Auto Maker Bankruptcy Looms

The administration stepped back over the weekend from naming a “car czar,” as it had planned, to oversee the restructuring. But according to people familiar with the task force, it named former Lazard Freres & Co. investment banker Ron Bloom a key adviser. Mr. Bloom, who made a name advising U.S. steelworkers to accept major concessions in several bankruptcy cases, is expected to take the task force’s lead role, a senior U.S. Treasury official says.

People who know Mr. Bloom expect him to be tough on the auto makers, the United Auto Workers and other parties involved in their restructuring.

“The management of the Big Three are probably not going to like what Ron Bloom has to say; the UAW is not going to like what Ron Bloom has to say; and certainly the stockholders and creditors will not like what he has to say,” said Michael Psaros, a co-founder of private-equity group KPS Capital Partners, who has worked with Mr. Bloom in and out of bankruptcy courts. He adds that Mr. Bloom has “repeatedly shown an ability to transform struggling companies into profitable going concerns.”

Read it all from the front page of today’s Wall Street Journal. Note especially the section on “dentist-chair bargaining;” it sounds very painful to me.

Posted in * Economics, Politics, Economy, Office of the President, Politics in General, President Barack Obama, The Possibility of a Bailout for the U.S. Auto Industry

4 comments on “Auto Maker Bankruptcy Looms

  1. TACit says:

    Hmmm, Lazard Freres. That was Felix Rohatyn’s bank – Rohatyn, ‘the banker who saved New York City’. Look him up.
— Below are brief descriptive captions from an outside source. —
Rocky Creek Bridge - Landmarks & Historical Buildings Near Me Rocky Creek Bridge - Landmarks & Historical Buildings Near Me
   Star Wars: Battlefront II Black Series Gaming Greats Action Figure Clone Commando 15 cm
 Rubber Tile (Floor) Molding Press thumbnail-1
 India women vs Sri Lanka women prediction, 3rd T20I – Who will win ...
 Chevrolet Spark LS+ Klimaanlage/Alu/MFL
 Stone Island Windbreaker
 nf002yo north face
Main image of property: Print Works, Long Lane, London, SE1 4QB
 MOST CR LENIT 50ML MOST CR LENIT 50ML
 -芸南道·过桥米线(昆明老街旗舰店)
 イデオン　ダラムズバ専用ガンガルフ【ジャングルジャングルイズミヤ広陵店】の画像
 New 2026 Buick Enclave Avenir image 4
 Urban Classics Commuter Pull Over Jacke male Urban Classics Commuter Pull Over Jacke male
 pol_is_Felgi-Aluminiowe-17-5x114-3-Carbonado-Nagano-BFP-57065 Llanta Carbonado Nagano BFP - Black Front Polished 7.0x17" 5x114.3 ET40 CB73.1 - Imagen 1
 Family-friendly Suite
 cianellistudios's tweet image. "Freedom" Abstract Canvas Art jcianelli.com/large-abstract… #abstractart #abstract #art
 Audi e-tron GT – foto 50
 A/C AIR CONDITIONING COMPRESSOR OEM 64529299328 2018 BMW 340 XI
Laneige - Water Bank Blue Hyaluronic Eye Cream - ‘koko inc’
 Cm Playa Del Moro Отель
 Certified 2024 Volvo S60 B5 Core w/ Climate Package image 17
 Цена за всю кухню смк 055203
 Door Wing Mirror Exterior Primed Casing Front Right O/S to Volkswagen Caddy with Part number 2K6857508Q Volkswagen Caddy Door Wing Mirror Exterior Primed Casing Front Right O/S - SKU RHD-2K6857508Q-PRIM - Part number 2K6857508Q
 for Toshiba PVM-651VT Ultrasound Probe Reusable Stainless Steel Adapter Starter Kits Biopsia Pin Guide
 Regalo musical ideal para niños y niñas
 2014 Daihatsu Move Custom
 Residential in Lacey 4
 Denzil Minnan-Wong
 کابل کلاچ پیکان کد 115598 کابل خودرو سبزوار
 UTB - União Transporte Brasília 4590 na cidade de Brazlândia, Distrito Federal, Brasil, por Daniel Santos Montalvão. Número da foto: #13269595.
  2. Steven in Falls Church says:

    Mr. Bloom will probably find the U.S. auto industry magnitudes harder to revitalize than the steel industry. Steel customers buy primarily on the basis of price, and don’t really care who makes the stuff. Not so for automobiles, where brand identity is critical. So many people have soured on the Big Three nameplates that they will never return in substantial numbers no matter how lean and efficient those manufacturers become.

  3. Dave B says:

    I have a 1998 Ford Ranger with 160K miles on it. Runs like a top and is fairly decent on gas. It had been wrecked. I bought it used and have had it for over six years. I paid $6,000 for it when I bought it. My wife had a chevy blazer with well over 150,000 miles on it. Got it used also. We gave it to charity because we used it for travel and it was a little heavy on gas. We just bought a new Jeep Patriot. It is fairly new but seems sound. I have owned Hondas, Toyotas, Nissans, and Fords. I love my Ranger and am putting a 5.0 engine in a Ranger. They are a great vehicle. I am not at all sour on American car products. The ones I have had have served me well!

  4. Cennydd says:

    My wife and I own a 2004 Pontiac Montana extended wheelbase minivan, and we bought it so that we could more easily take my wheelchair with us when we go shopping or on trips. Gets pretty good mileage, is comfortable and roomy…..carries seven…..and is well-appointed. As far as I’m concerned, it has every minivan on the market beat by far…..and Pontiac isn’t making them any more! We don’t want a small car or van…..we need a van big enough to do what we want it to do, and the current offerings on the market just aren’t BIG enough!